Visual Exploration of Stopword Probabilities in Topic Models
Shuangjiang Xue, Pierre Le Bras, David A. Robb, Mike J. Chantler, Stefano Padilla
TL;DR
This work tackles the problem of stopword removal biases in topic-model visualizations by proposing a corpus-specific probabilistic stopword estimation using Gaussian Process Classification (GPC) and an interactive interface. The method builds a Swdf representation across topics, trains a GPC to output Pt, and enables threshold-driven extraction of stopwords within an integrated topic-model visualization, including a 2-D GPC Matrix. A qualitative study with 12 experts shows the approach improves perceived credibility, supports representative stopword extensions, and allows user-controlled decision-making via an adjustable threshold, albeit with a need for clearer explanation of the 2-D visualization.
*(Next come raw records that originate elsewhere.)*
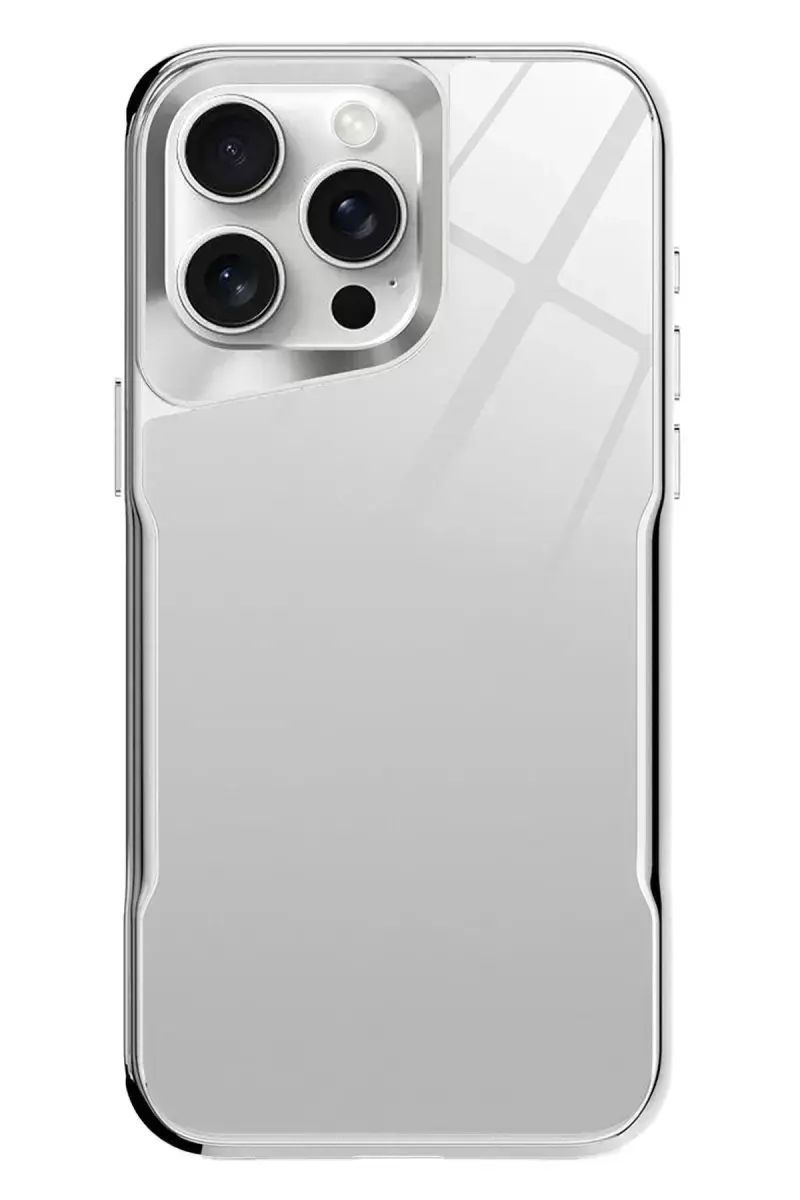 Joko Apple İphone 14 Pro Craft Kapak - Gümüş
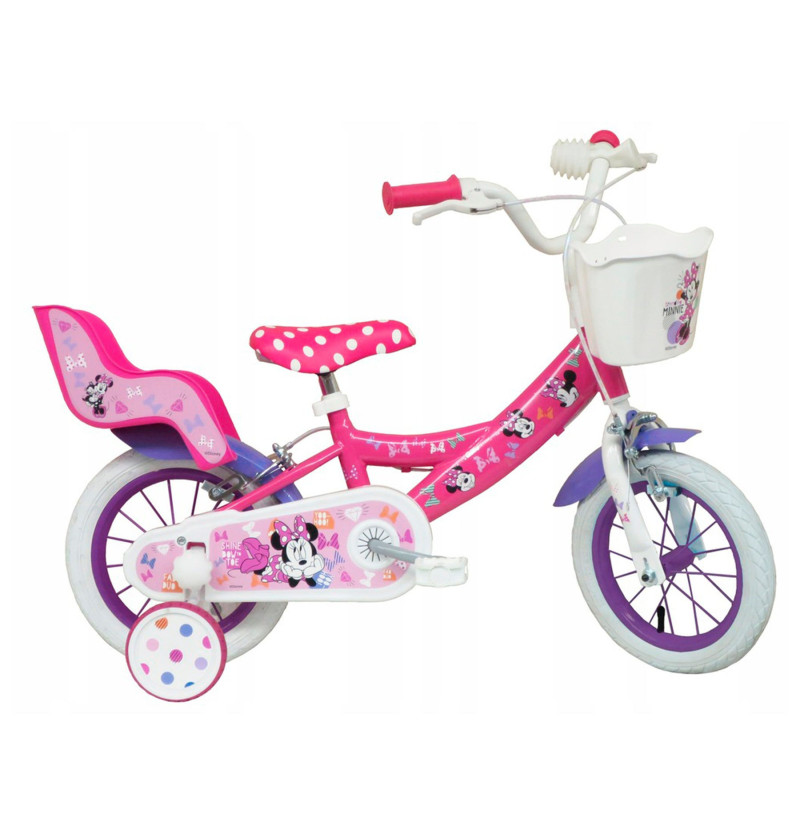 Bicicletta 12" Minnie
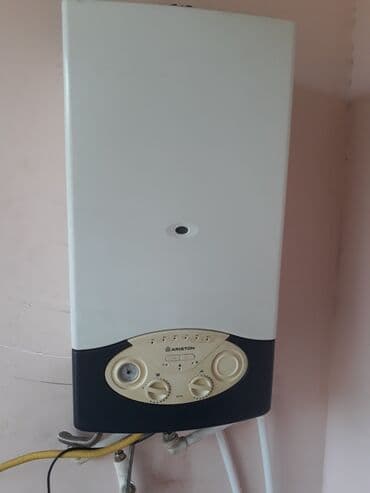 Avtogen: Ariston kombi italya 24kv Əla işləy vəziyətdə hec bir problemi yoxdur — 1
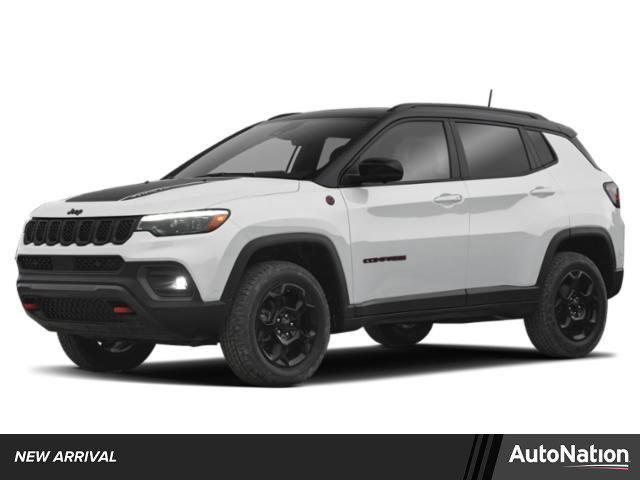 new 2025 Jeep Compass car, priced at $37,764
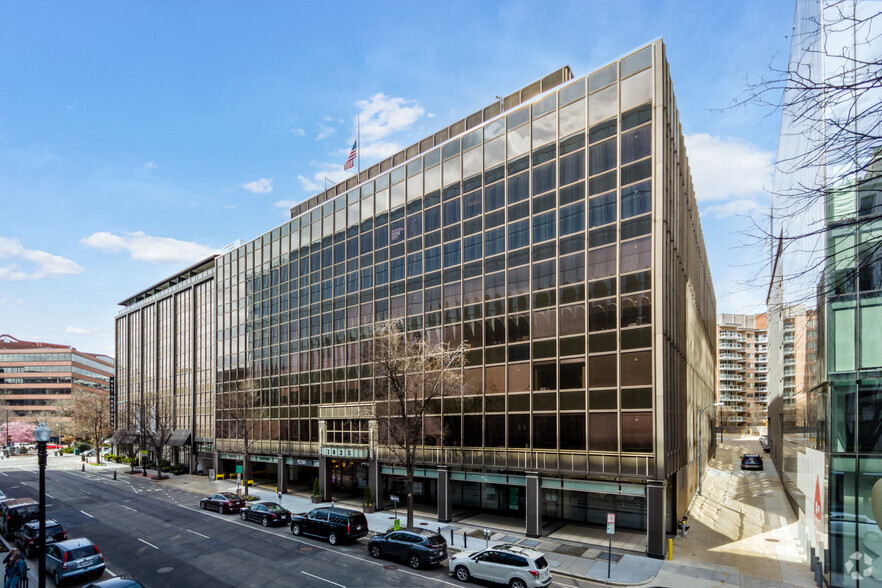 Primary Photo Of 2025 M St NW, Washington Office For Lease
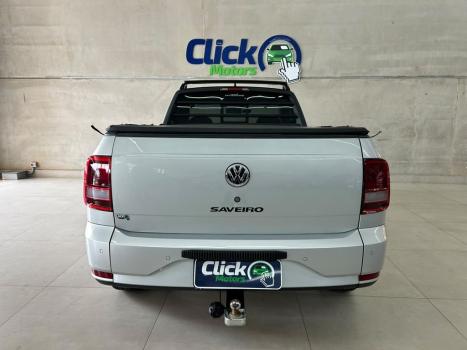 VOLKSWAGEN Saveiro 1.6 16V FLEX MSI TRENDLINE CABINE SIMPLES, Foto 4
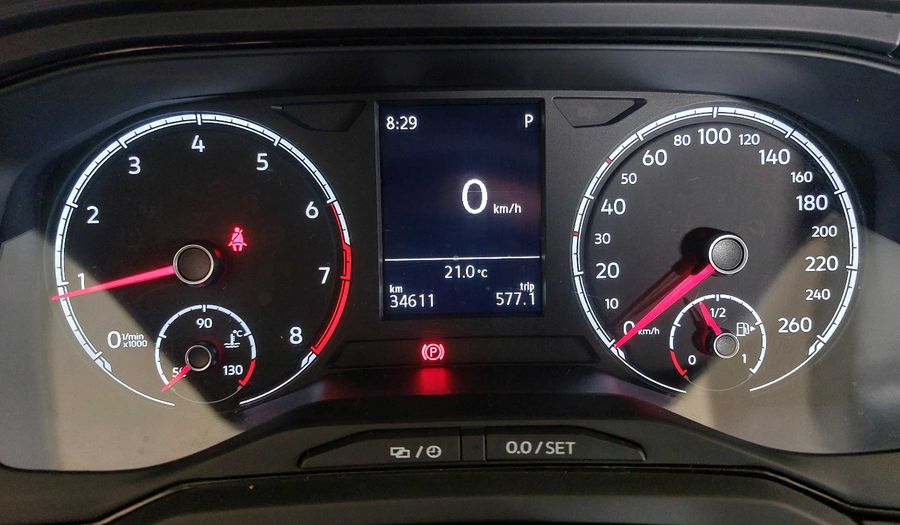 Volkswagen Virtus MSI SENSE Sedan 2021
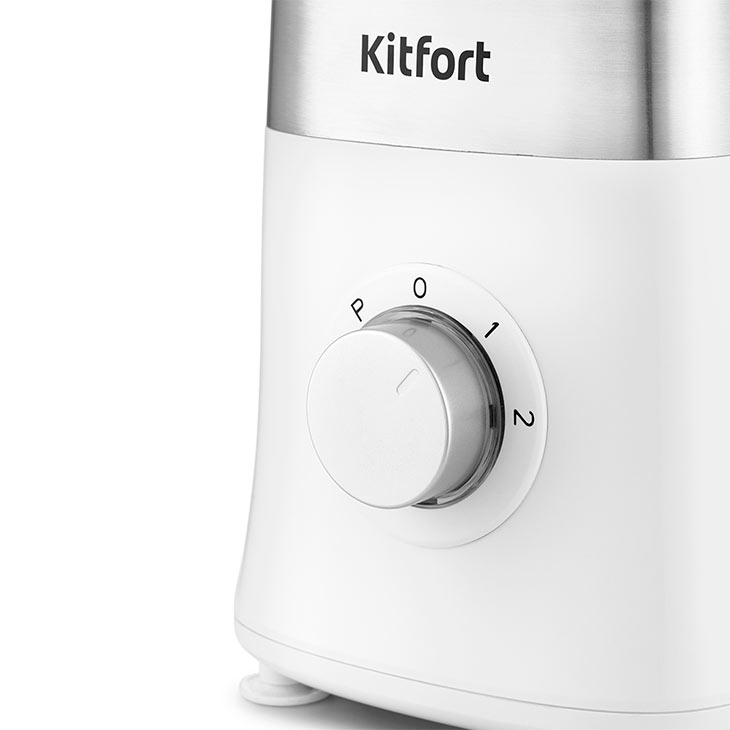 Регулятор скорости у Kitfort KT-3030-2, белый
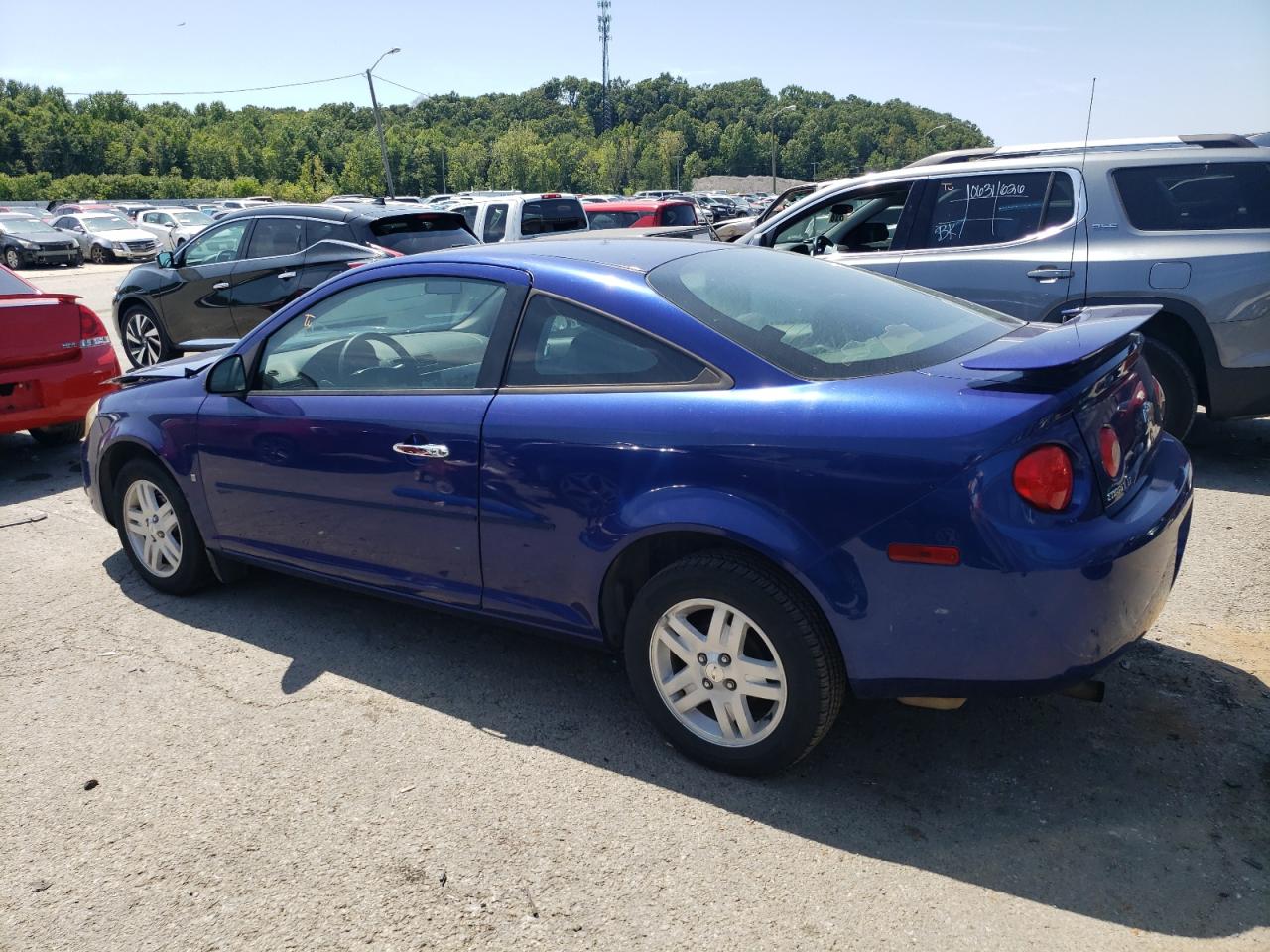 2006 Chevrolet Cobalt Lt VIN: 1G1AL15F767810751 Lot: 68296554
The work offers practical recommendations for practitioners and suggests future integrations into existing topic-model pipelines to enhance robustness and interpretability of stopword analysis in ML visualizations.
Abstract
Stopword removal is a critical stage in many Machine Learning methods but often receives little consideration, it interferes with the model visualizations and disrupts user confidence. Inappropriately chosen or hastily omitted stopwords not only lead to suboptimal performance but also significantly affect the quality of models, thus reducing the willingness of practitioners and stakeholders to rely on the output visualizations. This paper proposes a novel extraction method that provides a corpus-specific probabilistic estimation of stopword likelihood and an interactive visualization system to support their analysis. We evaluated our approach and interface using real-world data, a commonly used Machine Learning method (Topic Modelling), and a comprehensive qualitative experiment probing user confidence. The results of our work show that our system increases user confidence in the credibility of topic models by (1) returning reasonable probabilities, (2) generating an appropriate and representative extension of common stopword lists, and (3) providing an adjustable threshold for estimating and analyzing stopwords visually. Finally, we discuss insights, recommendations, and best practices to support practitioners while improving the output of Machine Learning methods and topic model visualizations with robust stopword analysis and removal.